Materials provided:

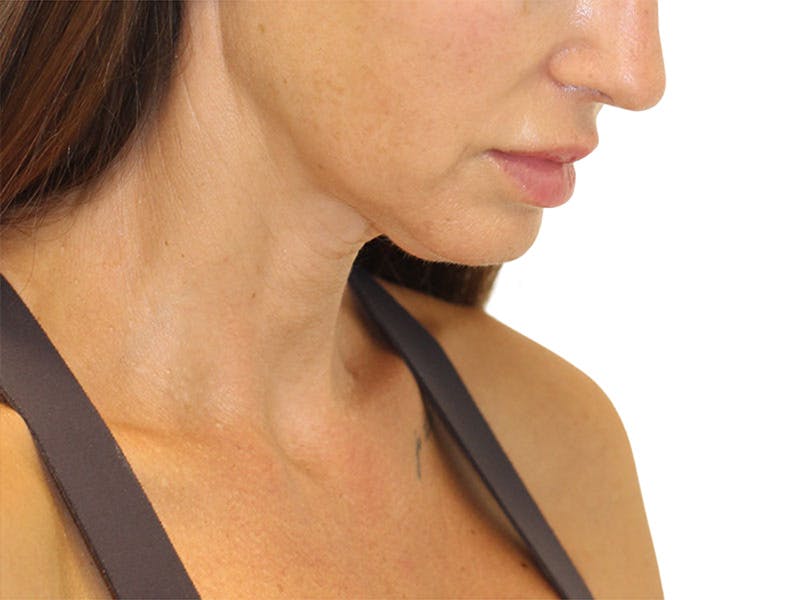 Neck Lift Before & After Gallery - Patient 162615 - Image 3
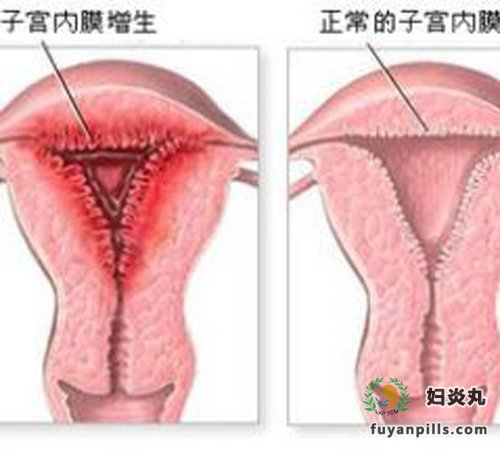 子宫内膜增生是什么病?有哪些症状呢?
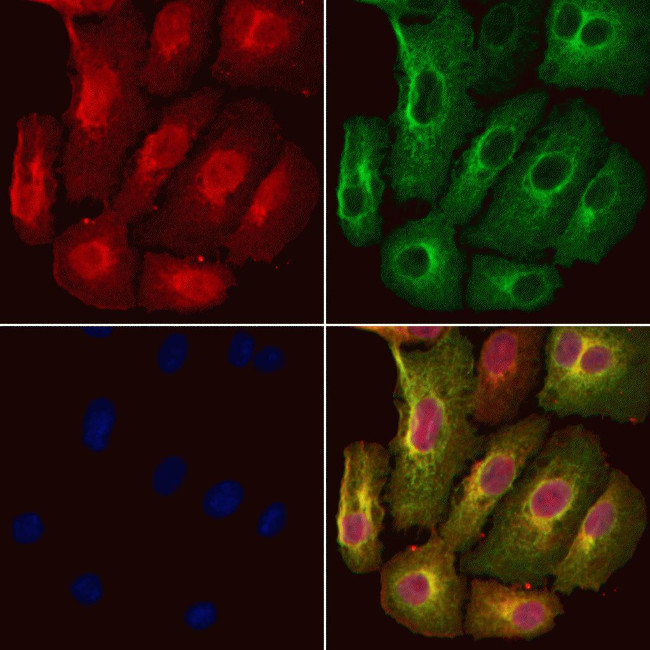 S100A16 Antibody in Immunocytochemistry (ICC/IF)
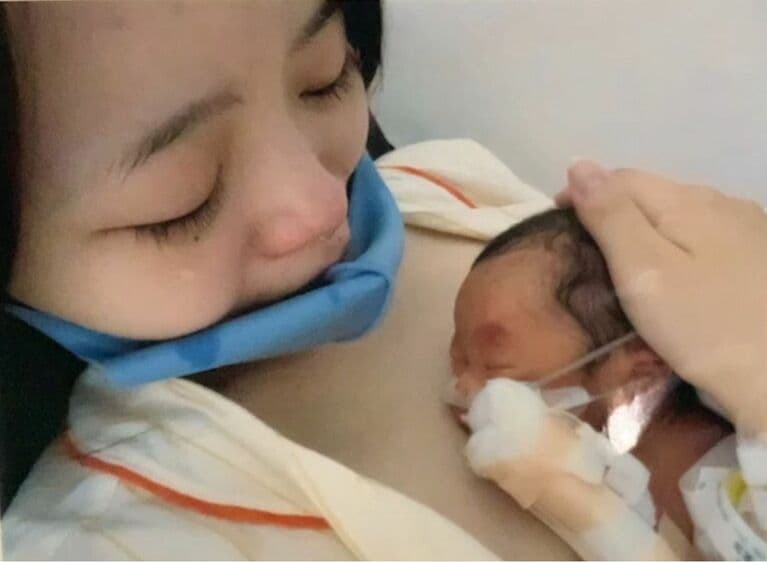 1990グラムで男の子を出産。その後、すぐに子宮の摘出手術を行った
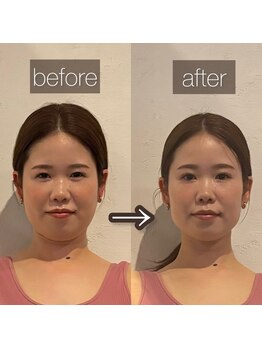 東京デトックス/ファスティング7日間プログラム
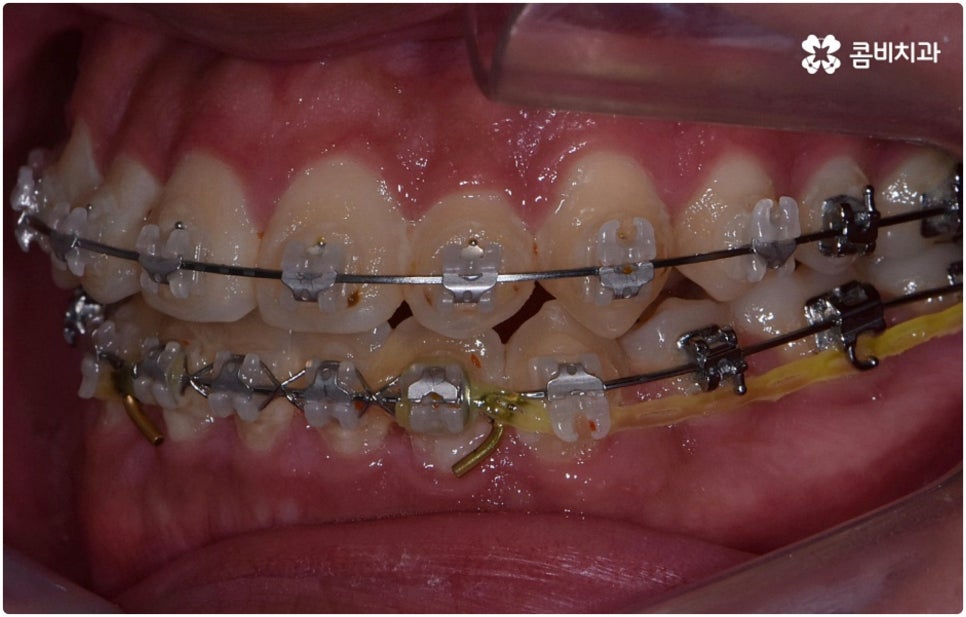 부정교합 3급 고치는 방법은 관련 이미지 11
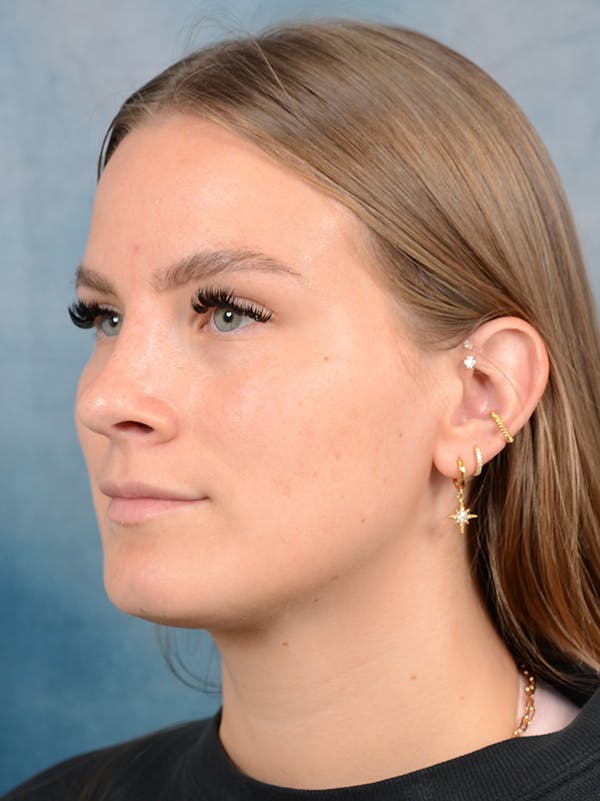Rhinoplasty Before & After Gallery - Patient 67326347 - Image 4
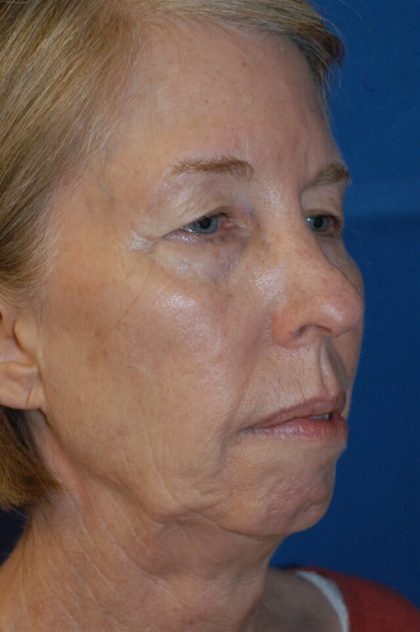 Facelift Neck Lift Before & After Patient #2274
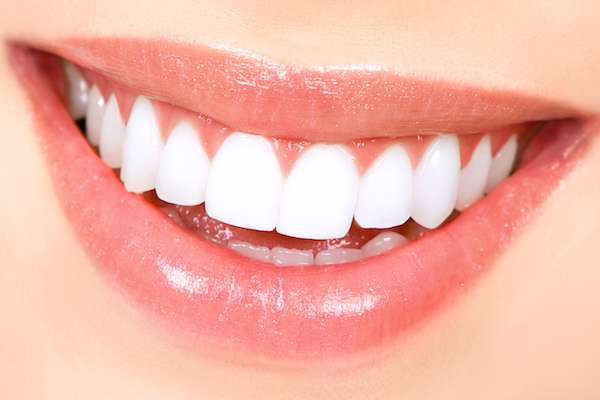 How Long Does Teeth Whitening Take from The Dental Place of Tamarac in Tamarac, FL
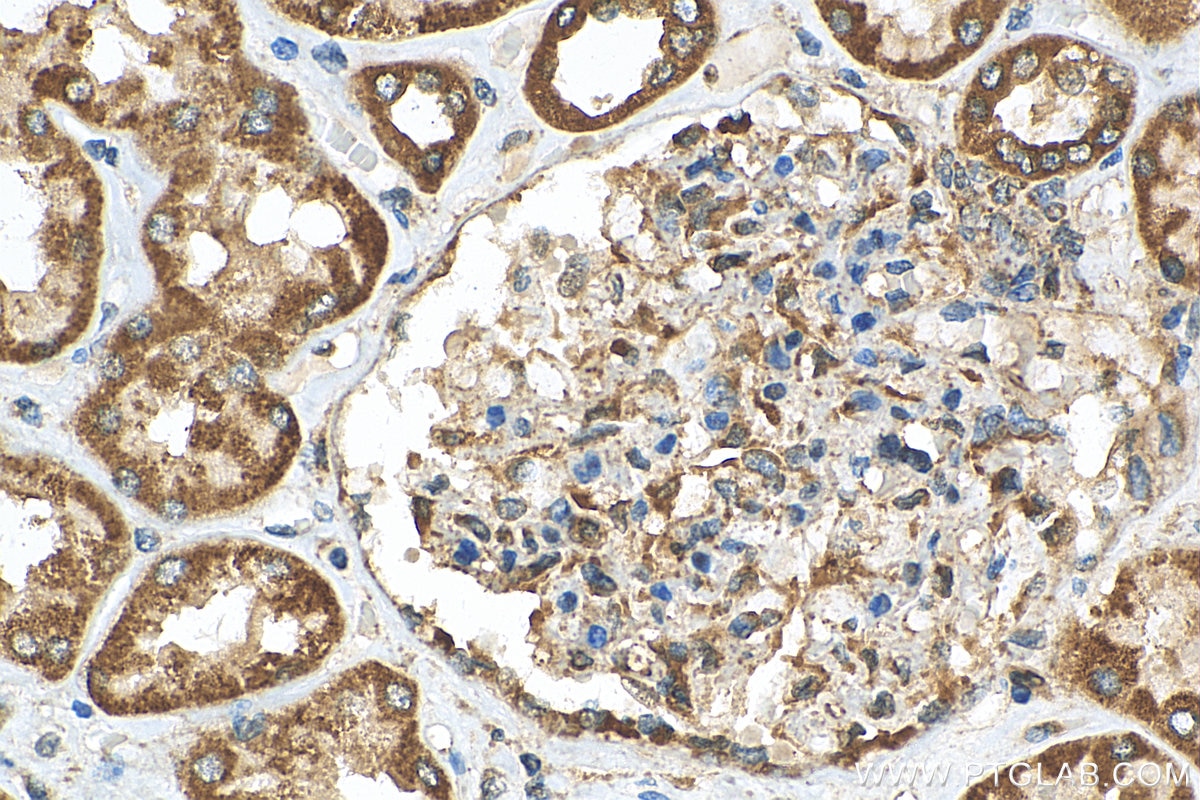 Immunohistochemistry (IHC) staining of human kidney tissue using MLYCD Polyclonal antibody (15265-1-AP)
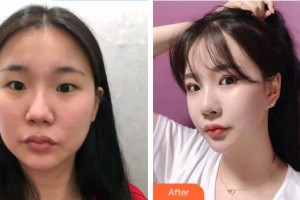 邯鄲市眼科醫(yī)院范肅潔整形價格表附眼部綜合案例展示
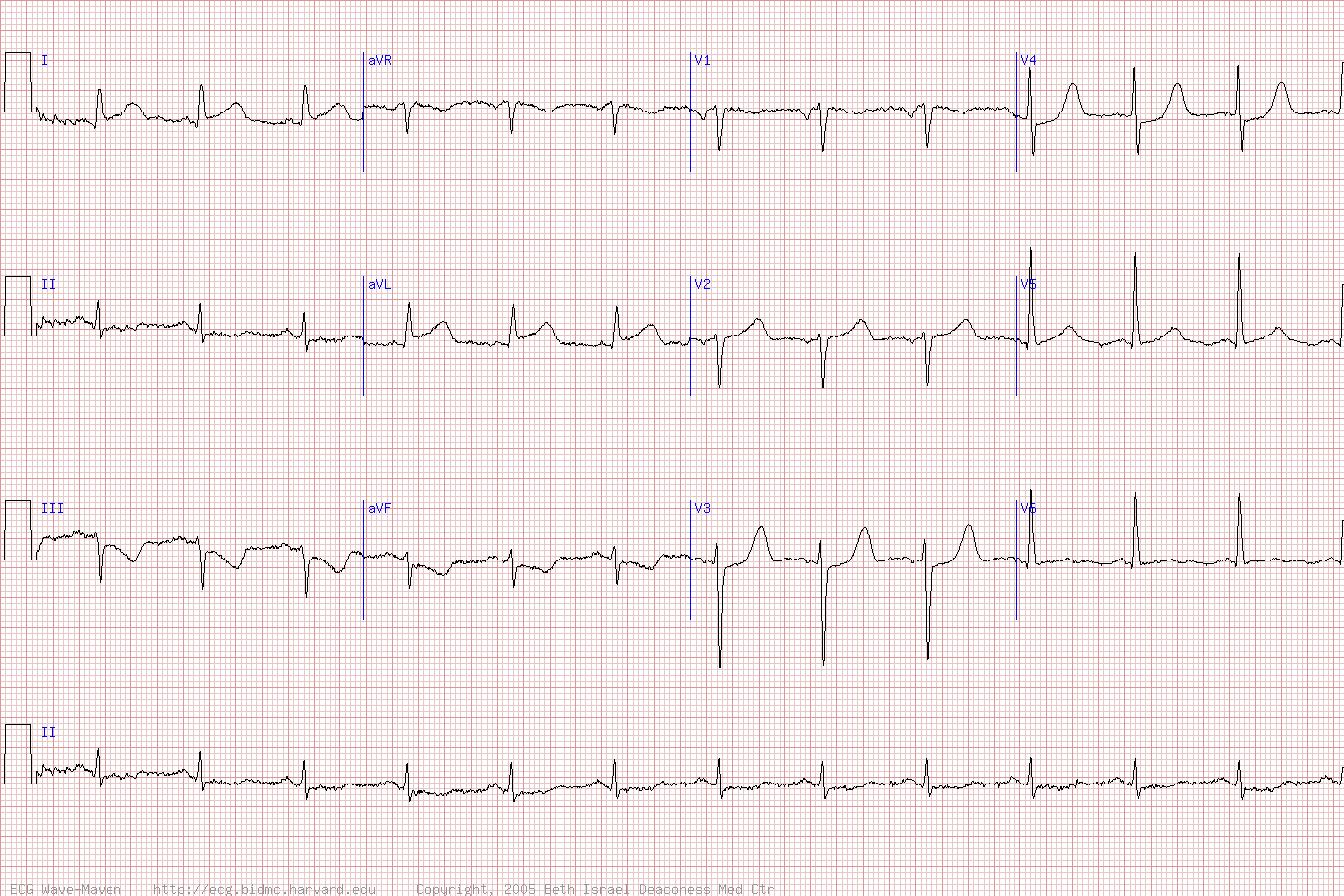 ЭКГ при высоком боковом инфаркте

The task:
No pictures belong in the answer, only the lines from the top of the listing through the line containing "邯鄲市眼科醫(yī)院范肅潔整形價格表附眼部綜合案例展示", repeated word for word.

Result for this exercise:
 Neck Lift Before & After Gallery - Patient 162615 - Image 3
 子宫内膜增生是什么病?有哪些症状呢?
 S100A16 Antibody in Immunocytochemistry (ICC/IF)
 1990グラムで男の子を出産。その後、すぐに子宮の摘出手術を行った
 東京デトックス/ファスティング7日間プログラム
 부정교합 3급 고치는 방법은 관련 이미지 11
Rhinoplasty Before & After Gallery - Patient 67326347 - Image 4
 Facelift Neck Lift Before & After Patient #2274
 How Long Does Teeth Whitening Take from The Dental Place of Tamarac in Tamarac, FL
 Immunohistochemistry (IHC) staining of human kidney tissue using MLYCD Polyclonal antibody (15265-1-AP)
 邯鄲市眼科醫(yī)院范肅潔整形價格表附眼部綜合案例展示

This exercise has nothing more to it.